_TASK REQUIREMENTS:_
The answer must be only the lines below from the one holding "a bedroom with a bed in" down to the one holding "A VICTORIAN STYLE", ends included, printed exactly; please omit all pictures.

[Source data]
----------------------------------------

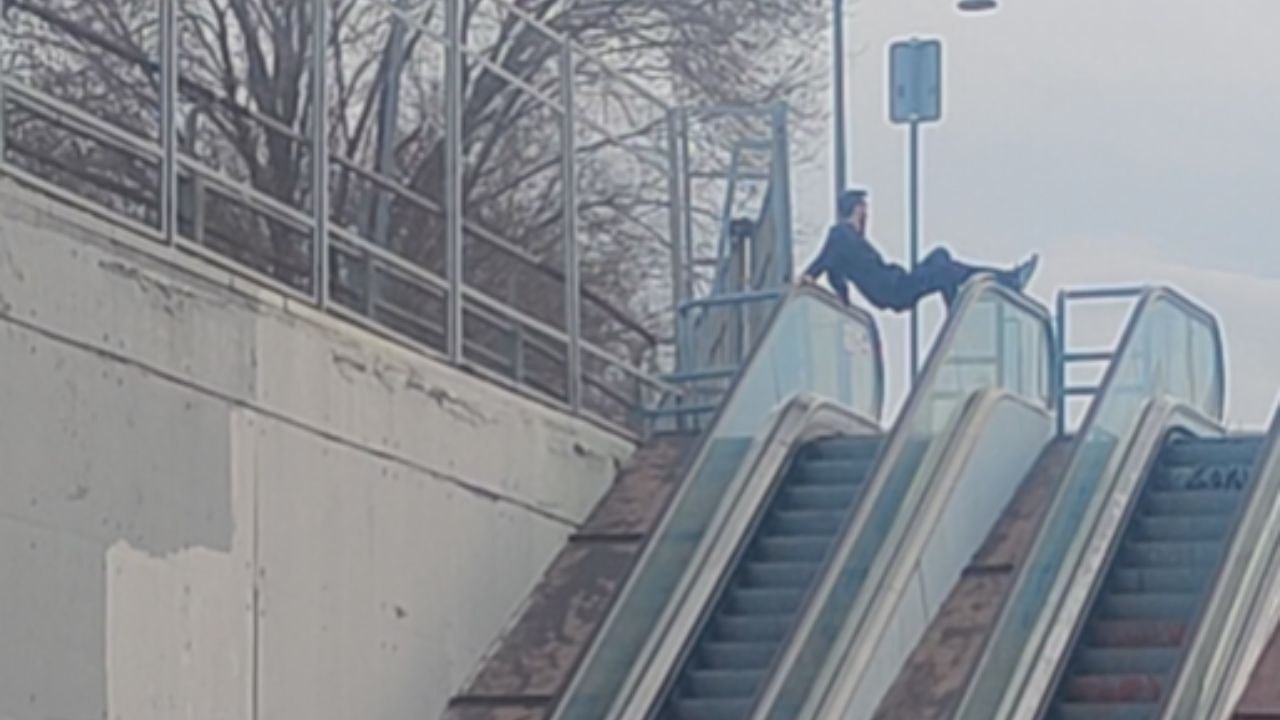Boy Chooses Escalator Handrails Over Steps For A Risky Ride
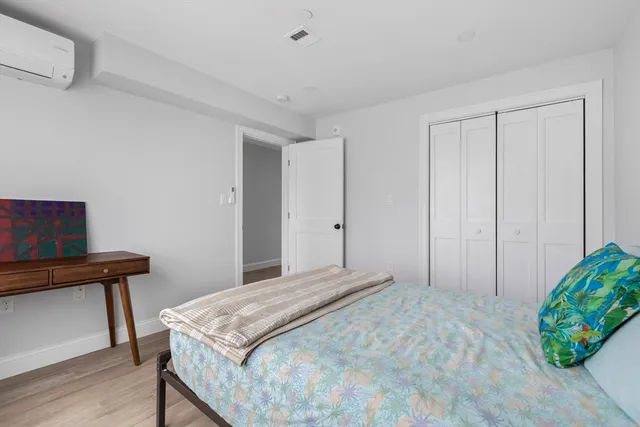 a bedroom with a bed and a table in it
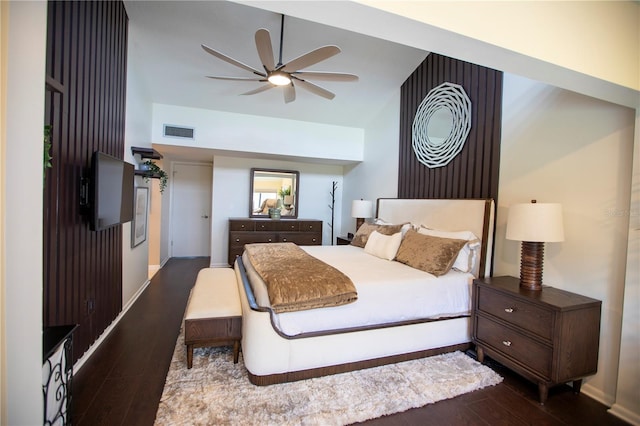 4203 Fairway Run, Tampa, FL 33618 - bedroom featuring wood finished floors, vaulted ceiling, and a ceiling fan
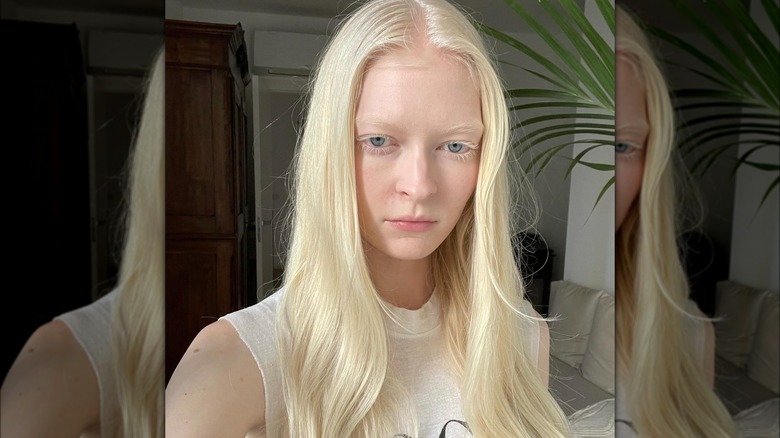 A woman with platinum blond hair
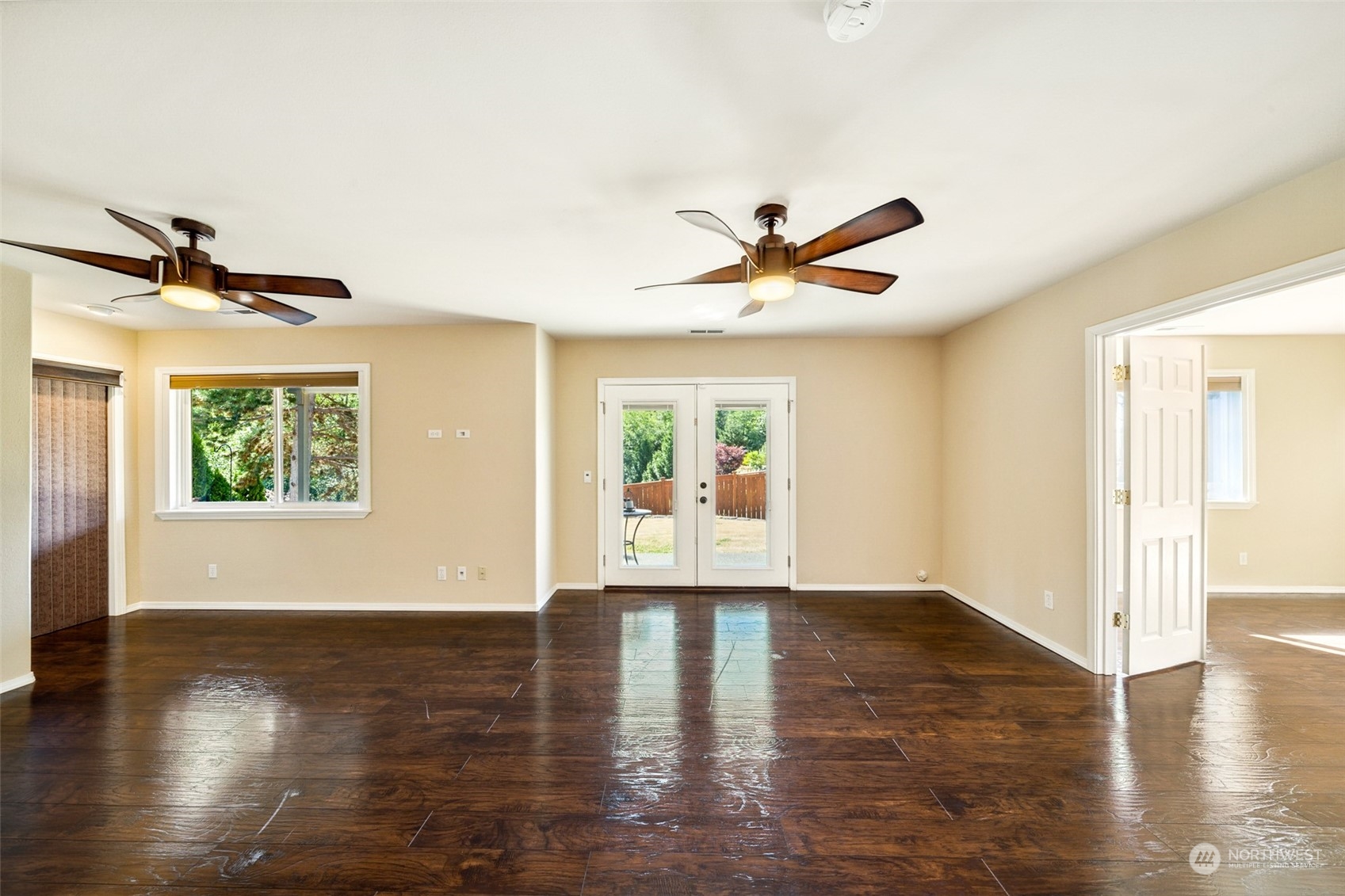4609 Southwest 328th Place Federal Way, WA 98023 - Photo 15 of 32 a view of an empty room with wooden floor and a window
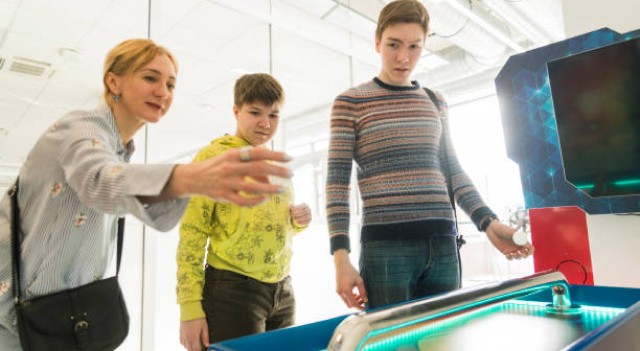 Two students and their teacher in the museum laboratory experimenting light energy. 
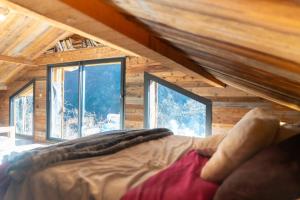 a bedroom with a bed in a room with windows at La sittelle in Belvédère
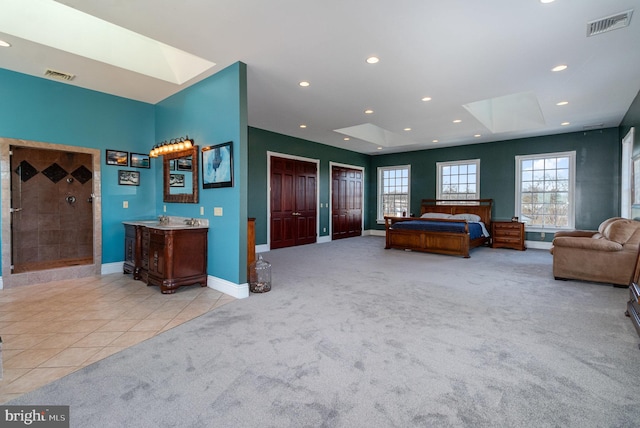 carpeted bedroom featuring a skylight and two closets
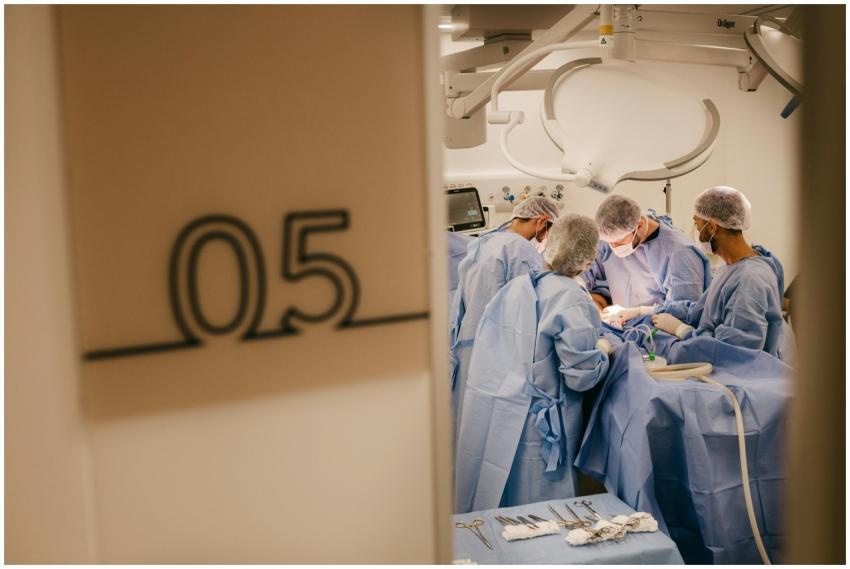 A group of surgeons operates in a hospital's steri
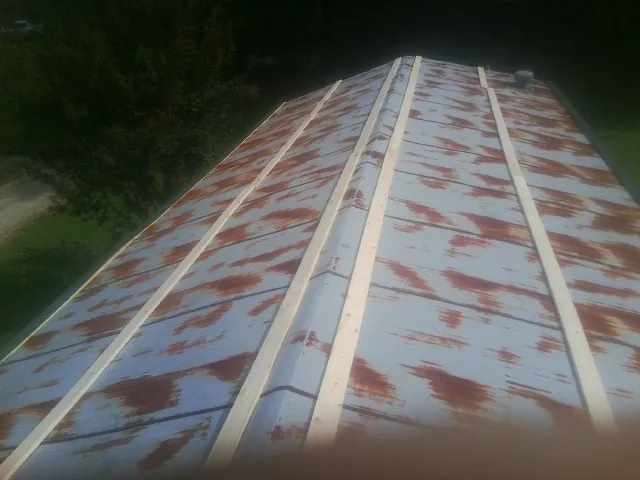 Rusted metal roof panels with new wood purlins before replacement — Storm Damage Roof Repair in Fort Washington by Roofing Brothers
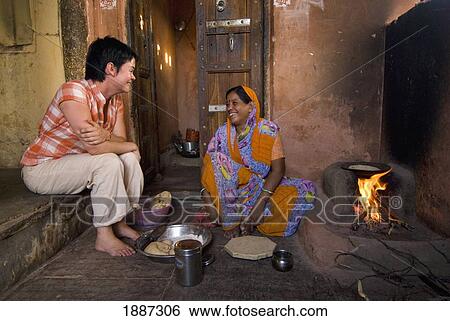 Stock Photograph - Western Woman Chatting With Indian Lady As She Cooks Chapatis And Prepares Meal. Fotosearch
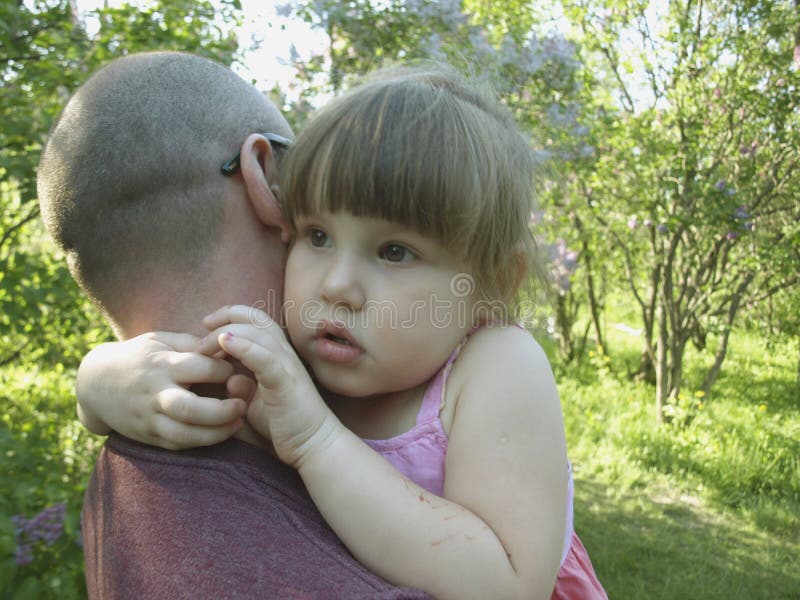 Girl hugging dad stock image. Image of children, nlittle 79119309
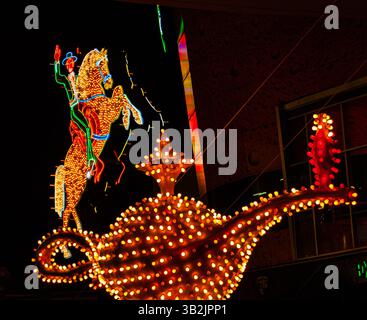 Illuminated Horse and Caballero with Aladdin's Lamp Neon Signs at The Entrance to Freemont East, Las Vegas, Nevada, USA Stock Photo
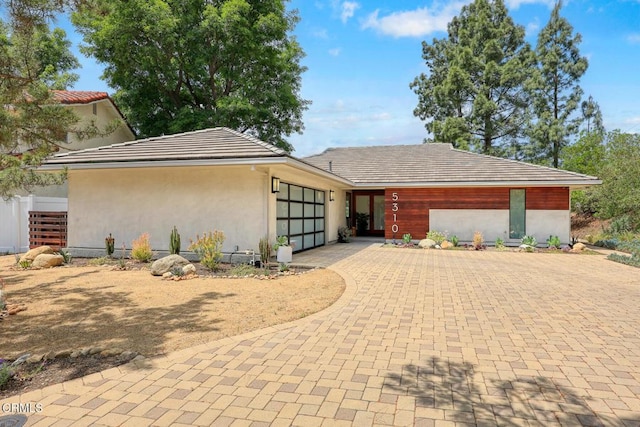 view of front of house featuring decorative driveway, a garage, and stucco siding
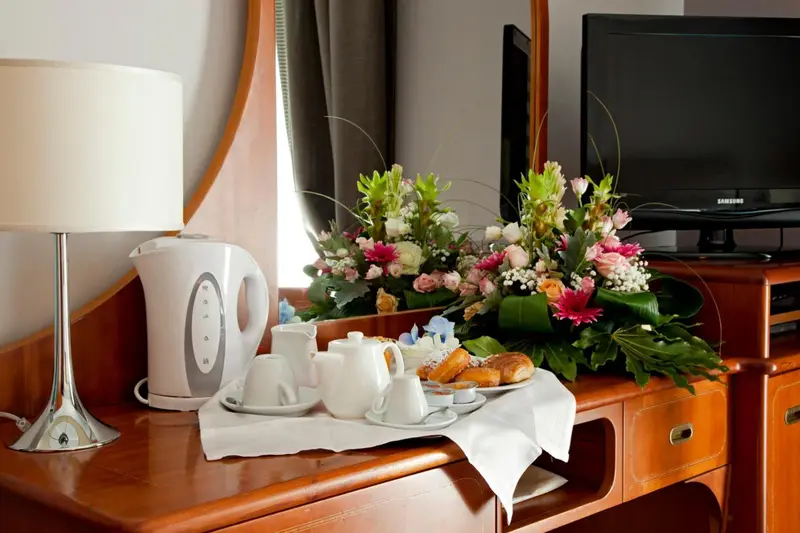 Une table de chevet en bois présente une bouilloire, une tasse de thé et des pâtisseries.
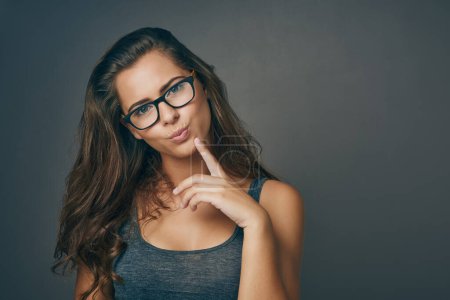 Photo for Sometimes all you need is a new perspective. Studio shot of an attractive young woman wearing glasses - Royalty Free Image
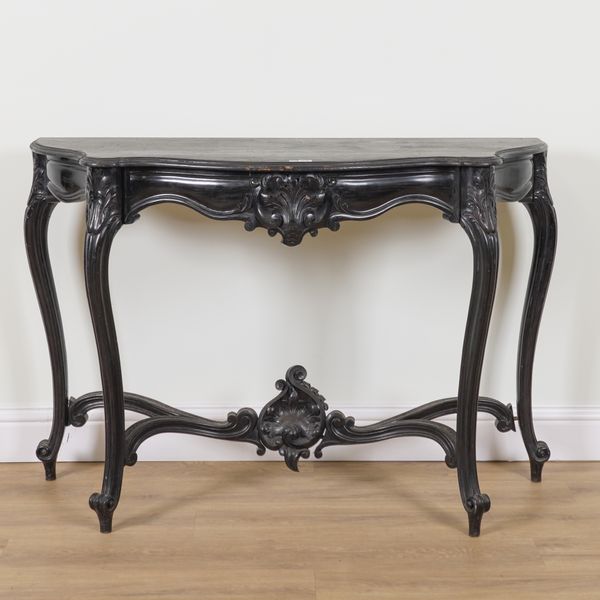 A VICTORIAN STYLE EBSONISED SERPENTINE CONSOLE TABLE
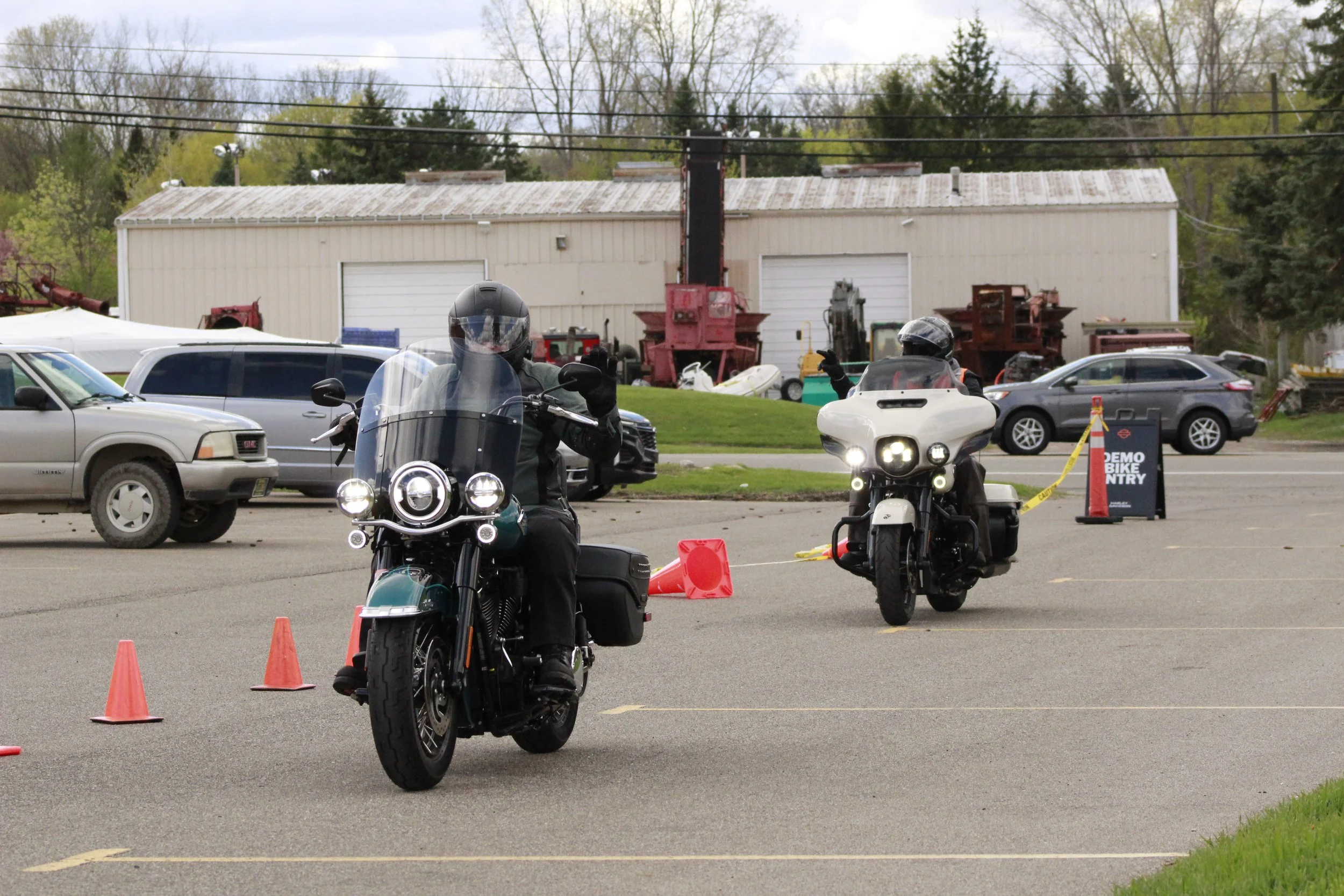 Two motorcyclists wearing helmets and riding gear riding side-by-side on a street. Orange cones mark a designated area. Behind them is a parking lot with parked cars and a building with closed garage doors. Trees and power lines are visible in the ba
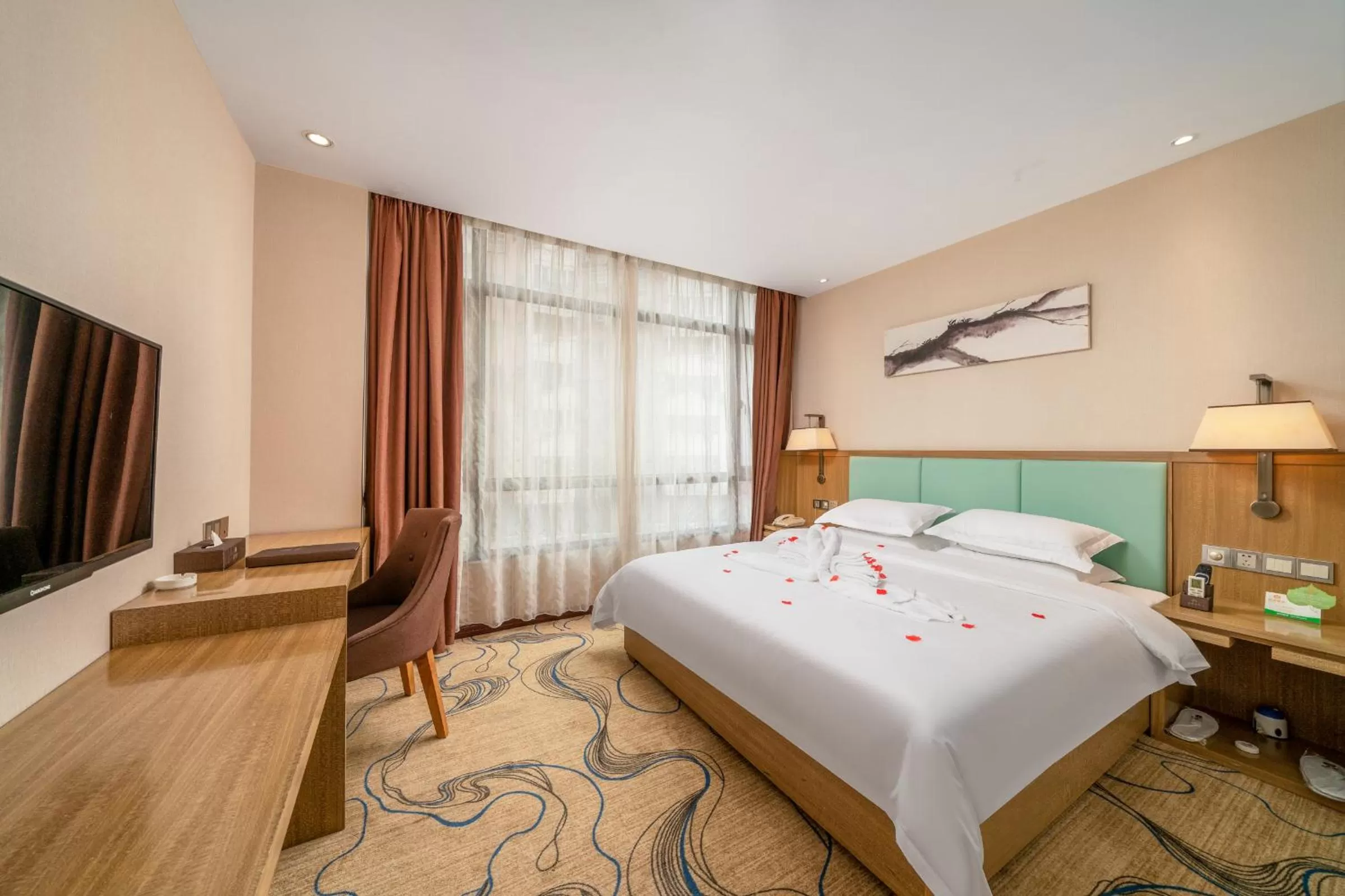 Bed in Guangzhou Boyi Hotel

----------------------------------------

_YOUR RESPONSE:_
 a bedroom with a bed in a room with windows at La sittelle in Belvédère
 carpeted bedroom featuring a skylight and two closets
 A group of surgeons operates in a hospital's steri
 Rusted metal roof panels with new wood purlins before replacement — Storm Damage Roof Repair in Fort Washington by Roofing Brothers
 Stock Photograph - Western Woman Chatting With Indian Lady As She Cooks Chapatis And Prepares Meal. Fotosearch
 Girl hugging dad stock image. Image of children, nlittle 79119309
 Illuminated Horse and Caballero with Aladdin's Lamp Neon Signs at The Entrance to Freemont East, Las Vegas, Nevada, USA Stock Photo
 view of front of house featuring decorative driveway, a garage, and stucco siding
 Une table de chevet en bois présente une bouilloire, une tasse de thé et des pâtisseries.
 Photo for Sometimes all you need is a new perspective. Studio shot of an attractive young woman wearing glasses - Royalty Free Image
 A VICTORIAN STYLE EBSONISED SERPENTINE CONSOLE TABLE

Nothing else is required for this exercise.